What Went Wrong? An (Incomplete) Theory of Change

The core idea behind the theory of change of the US “conflict minerals” legislation is that revenue earned from the extraction of 3TG minerals cause conflict. Although this stylized relationship could persist, conflict is also caused by a complex combination of socio-economic inequality, poverty, land use, political corruption, social frustrations, among other things. Importantly, each of these factors may be influenced by the passage of the Dodd-Frank Act.

Examining some of these potential mechanisms I use data on mining site visits within the DRC, collected by the International Peace Information Service (IPIS). These data include information on the timing of the visit to specific mining sites over time, the number of workers employed, and the presence of an armed group at the mine. This information allows for a preliminary investigation of why the Dodd-Frank Act led to the direct opposite of the intended effect.

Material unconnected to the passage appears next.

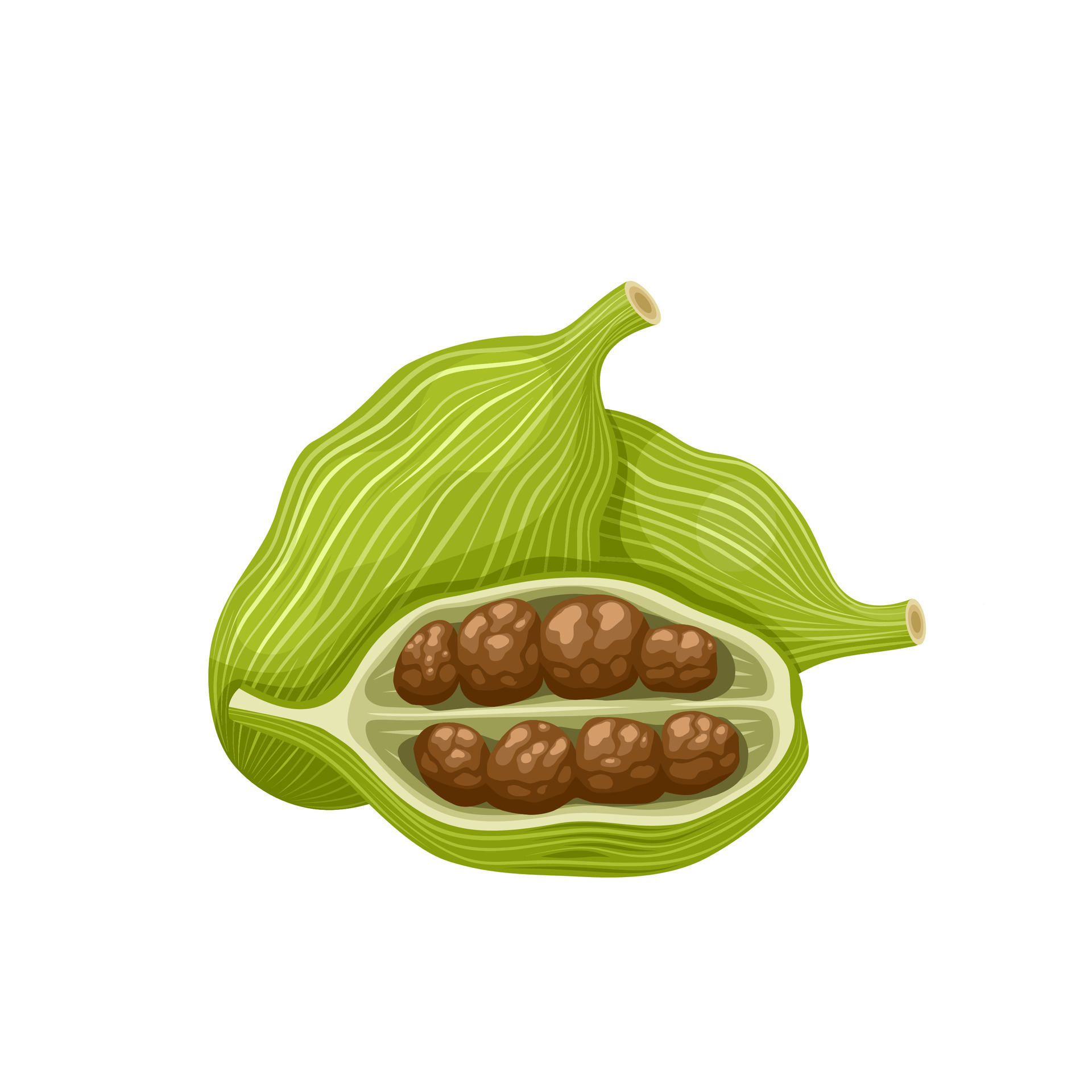 Vector illustration, green cardamom, or Elettaria cardamomum, isolated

Difference-in-difference estimates from this analysis suggest that although the passage of the Dodd-Frank Act may have led to a weak reduction in the likelihood of the presence of an armed group at targeted mines, the number of workers employed at targeted mineral mines also decreased by about 50 percent. The prevalence of conflict in the DRC could increase as employment opportunities decrease. These results tell a story of an incomplete theory of change motivating US “conflict mineral” policy.

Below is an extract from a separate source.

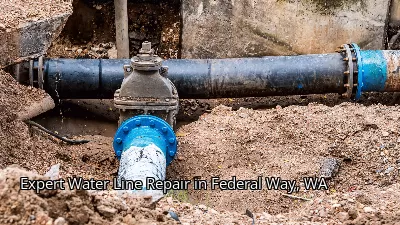Expert Water Line Repair in Federal Way, WA Expert Water Line Repair in Federal Way, WA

Now What? Reducing Conflict in a Globalized World

Most recently—in April 2017—the United States Government suspended enforcement of this policy. This action followed an attempt to overhaul the entire Dodd-Frank Act which was ultimately dismissed by the US Senate. Some speculate that this enforcement suspension may reverse the unintended consequences of the legislation. Unfortunately, supplemental analysis in my paper suggests that the suspension of enforcement of the “conflict minerals” legislation has had essentially no effect on the prevalence of conflict in the DRC.

One potential reason for this null effect of the enforcement suspension is that some companies—such as Apple, Intel, and Tiffany & Co.—have publicly stated that they intend to follow requirements of the legislation even if it is officially removed from US law. This implies that some companies perceive a market expectation for “conflict free” products and presents challenges for the future.

Many readers likely support the transparency of the international trade of natural resources. Coupled with the existing literature, my analysis suggests that although transparent trade across national borders is prima facie beneficial, policymakers, citizens, and consumers must be aware of the potential unintended consequences of economic regulations aimed at cutting access to resources in the most impoverished areas of the world, where deep social and political challenges exist.